SAS® Analytics is reporting standard for bank
From bank staffers seeking weekly and monthly reports to financial analysts demanding last-minute analyses, Bank of North Carolina found it challenging to forecast and trend data from these wide-ranging reporting requests. To better aggregate data for portfolio reporting and create more comprehensive reporting across different business lines and personnel, Bank of North Carolina chose analytics from SAS.
“SAS understands the data and reporting issues faced by small businesses today. They speak our language,” said Michael Bryan, Chief Information Officer at Bank of North Carolina. “Equally important, our SAS representative listened to our issues and brought in the right SAS® resources to address each business reporting issue. Of the three data/reporting solutions we reviewed extensively, SAS was the only vendor who listened to us and responded.”
The initial implementation provides dashboards to all of the bank’s commercial lending personnel. Reports include risk metrics of past-due loans, charge-off loans, and critical loan exceptions. These put vital measurements of production and risk exposures at lenders’ fingertips.
“The response has been incredible,” said Bryan. “Each day our lenders view up-to-date loan and deposit production along with each customer’s profitability.

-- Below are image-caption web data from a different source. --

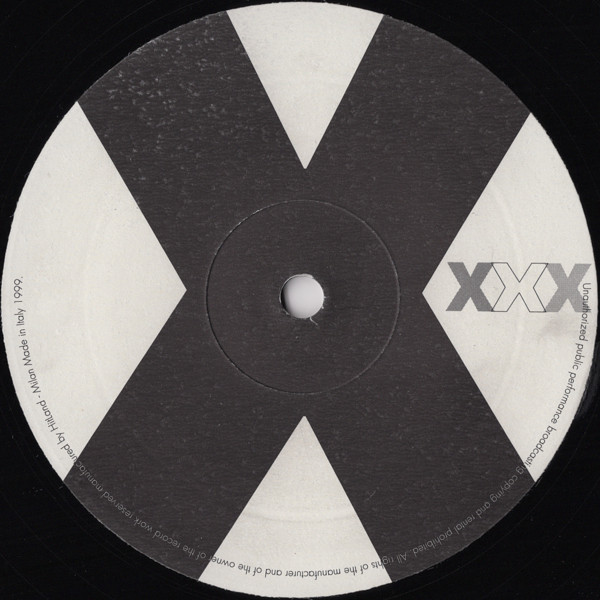 Invertigo - Girl In The House | XXX (XXX 011) - 2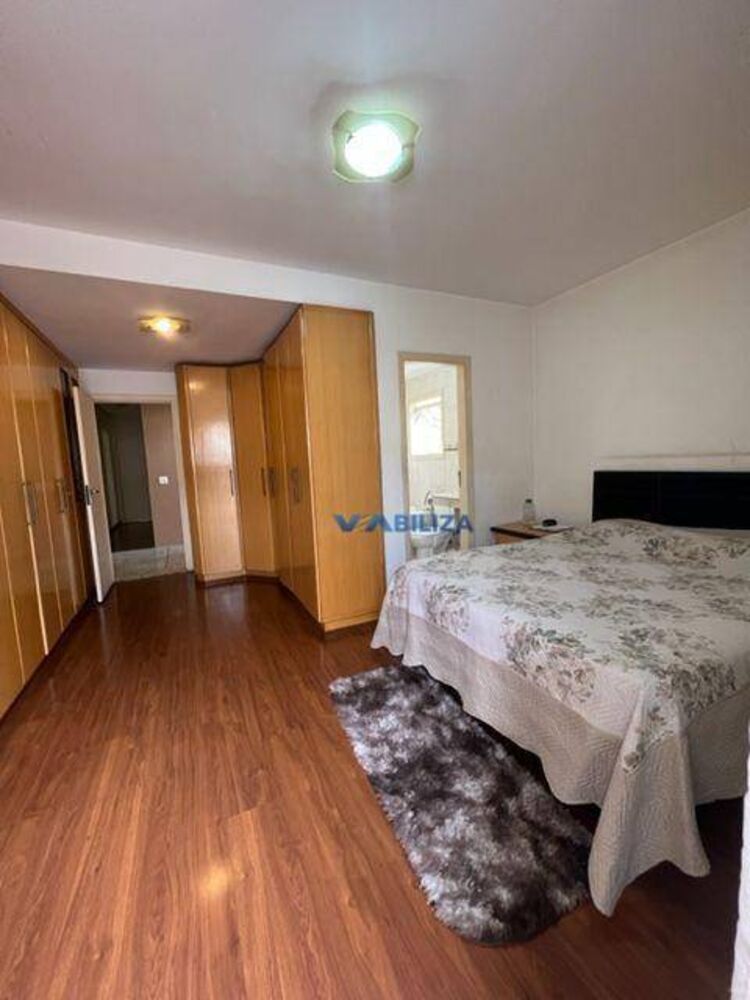 Sobrado, 4 quartos, 202 m² - Foto 3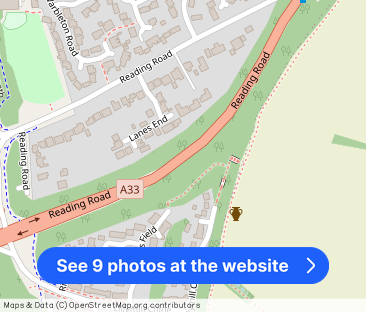 Chineham, Basingstoke - Photo 1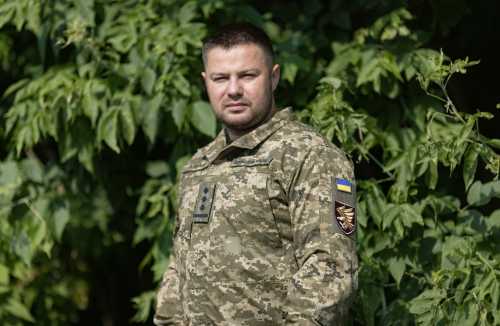 Резюме Драпатого, Апостола та Мадяра: чому їх люблять солдати та довіряють командири - INFBusiness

This data is validated for quality each morning under strict quality measurements. SAS will be the enterprise reporting standard going forward for Bank of North Carolina, and we’re exploring both SAS Financial Management and SAS risk offerings.”
Another planned project is building models for the bank’s merger-and-acquisition business. “We will load potential acquisition data to model what is important to us,” said Bryan. “This will help us quickly learn how a target bank may perform using our models for reporting. By providing data access we couldn’t fully achieve before, we believe SAS Analytics will make us all better bankers. It makes an incredible difference to our bank, since very few community banks have this access.”